Editora Educación Emergente, I believe, is one of, if not the, most important publishers in Puerto Rico over the last ten years. With over 50 print titles and over 30 digital titles –all of them beautifully designed– about diverse themes such as queer theory, race, and politics, to just name a few, and in varying genres such as essays and poetry, EEE offers something for everyone. Moreover, EEE constitutes one of the few available spaces today for those who seek to publish their projects. EEE’s work is truly essential.
Small, independent publishing houses have assumed an abundance of written work. Each one –and some of them are excellent– occupies an important place. The indefatigable labor of Editora Educación Emergente assumes the risk of publishing works in areas of great contemporaneity. EEE’s books stand out for the care and beauty of its editions, which engage the difficult present.
Editora Educación Emergente has forged for itself a very particular space in Puerto Rico’s publishing world, divulging texts that propose new forms of interpretation of our reality. From an anticolonial, queer, feminist, and anticapitalist stance, EEE has placed its bet on the book, in its various formats, as an indispensable object for our existence. And it has done all of this while assuming the risk of publishing new authors without abandoning already established ones.
EEE has its finger on the pulse of emerging writing in Puerto Rico. The voices are fresh, daring, powerful and fearless. Each title published is a testament to the force of intellectual courage, solidarity and imagination in the midst of crisis and struggle.

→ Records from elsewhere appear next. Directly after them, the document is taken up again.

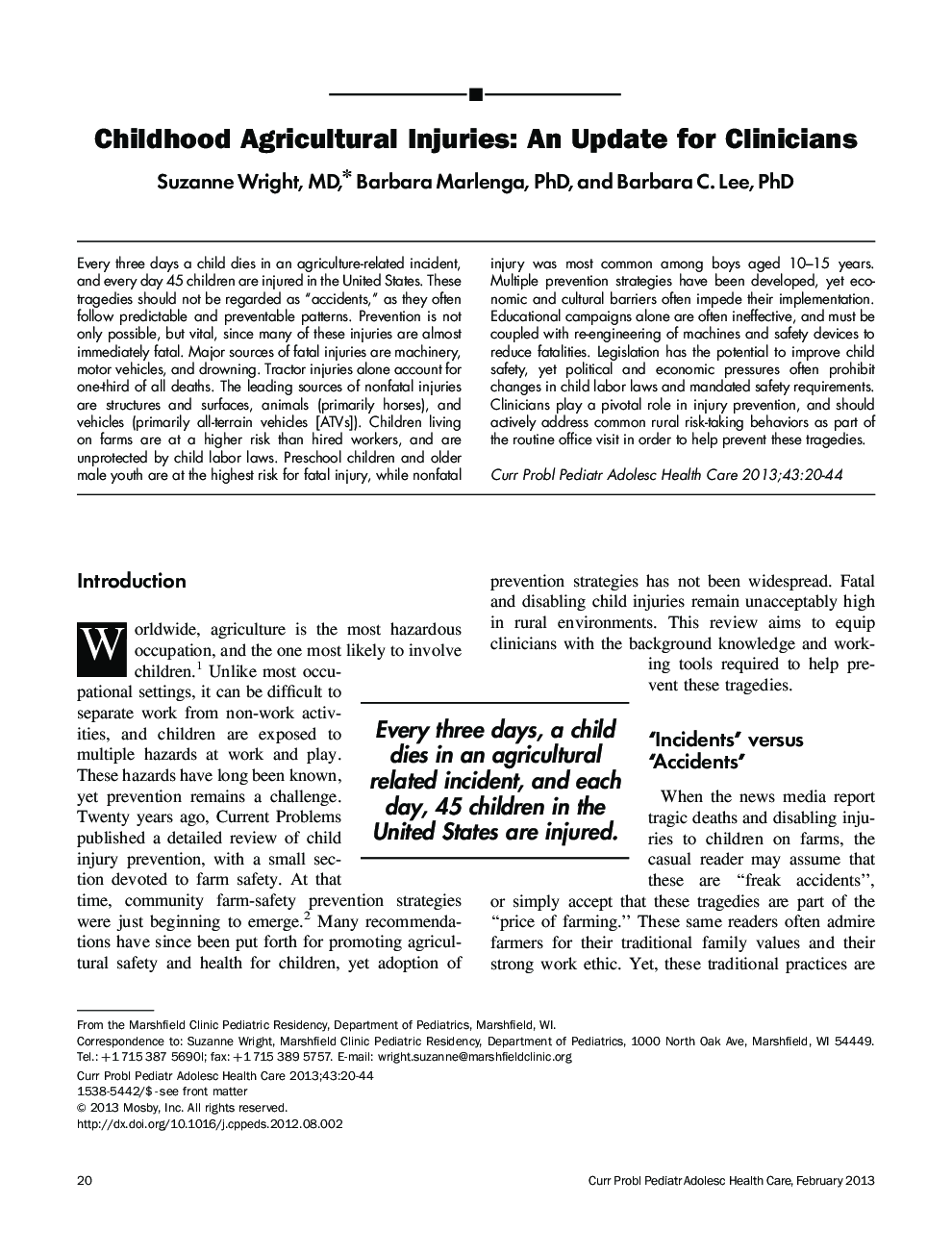 Childhood Agricultural Injuries: An Update for Clinicians
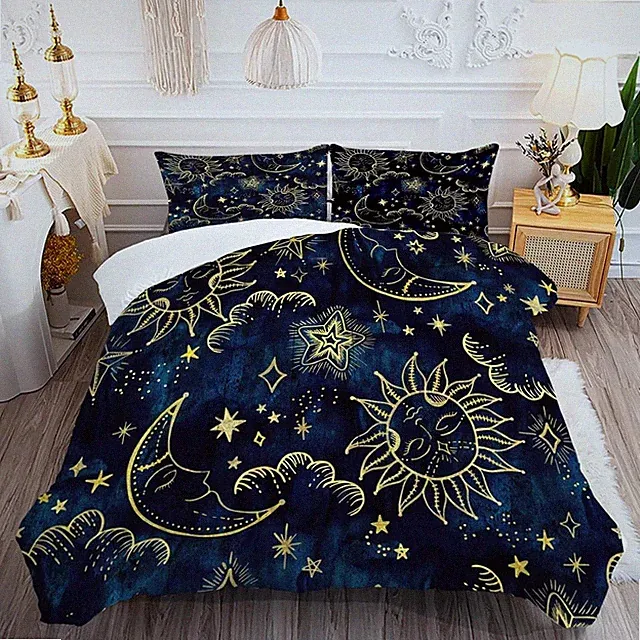 Twin Comforter Set Sun Moon Celestial Blue Gold Boho Bedding Kids Size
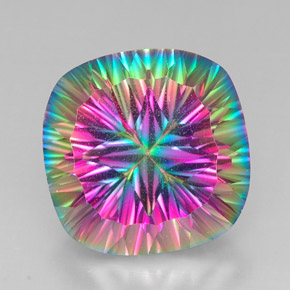 Quarzo mistico naturale multicolore da 30,84 ct, taglio a cuscino, VS
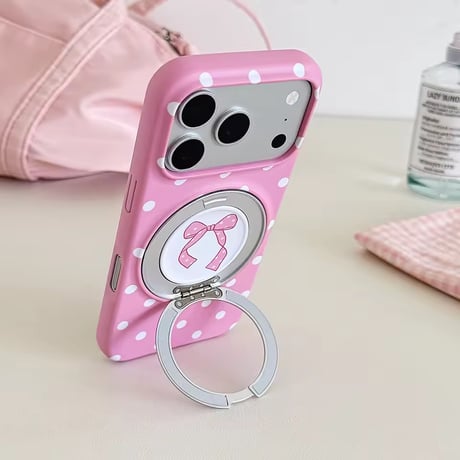 K23177 くるくるアニマル 回転リング付きiPhoneケース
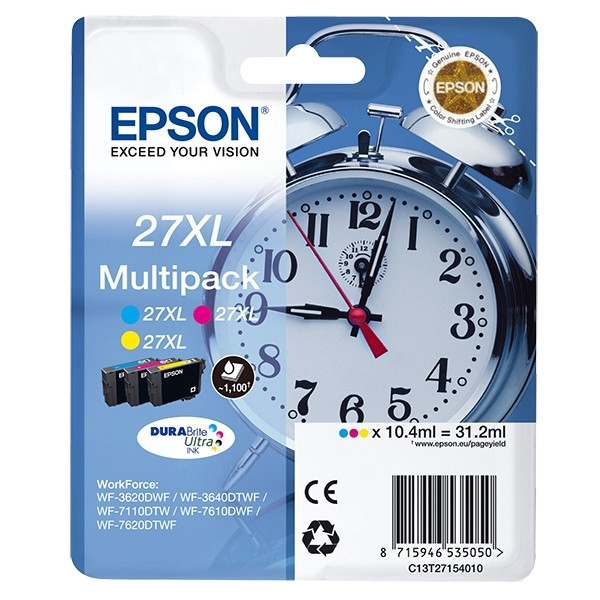 Epson 27XL (T2715) Pack ahorro 3 colores (originales) C13T27154010 C13T27154012 026624 - 1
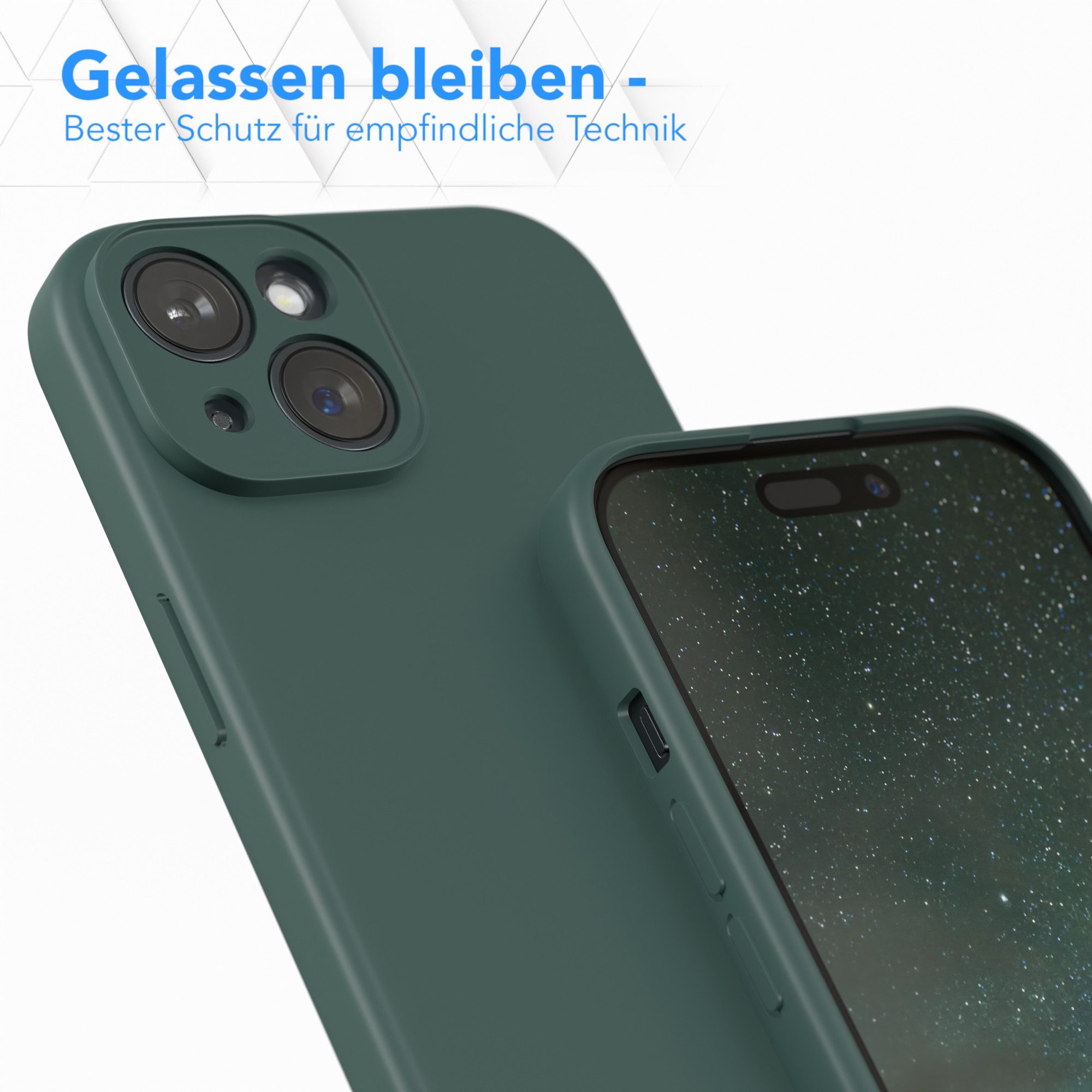 EAZY CASE Handyhülle für Apple iPhone 15 Hülle Silikon 6,1 Zoll, Silikon Schutzhülle mit Kameraschutz kratzfestes Bumper Nachtgrün – Bild 4 von 5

Wherever there is an urgency to meticulously and passionately turn into words the country we have, the country we dream and the country we fight for, we find EEE’s thorough and audacious books. To read them is to keep track of our memory in de/re/construction.
Editora Educación Emergente offers us the archive of contemporary Puerto Rico, which is currently navigating the full breadth of modes of capture, but, most importantly, of resistance. An other chronicle, an other critique, an other scene, an other school, other feminisms, queer.y, and an other revolution: such turning-into-words, such thought-action, situates us in possible time-spaces. A collection, a series of collections, indispensable.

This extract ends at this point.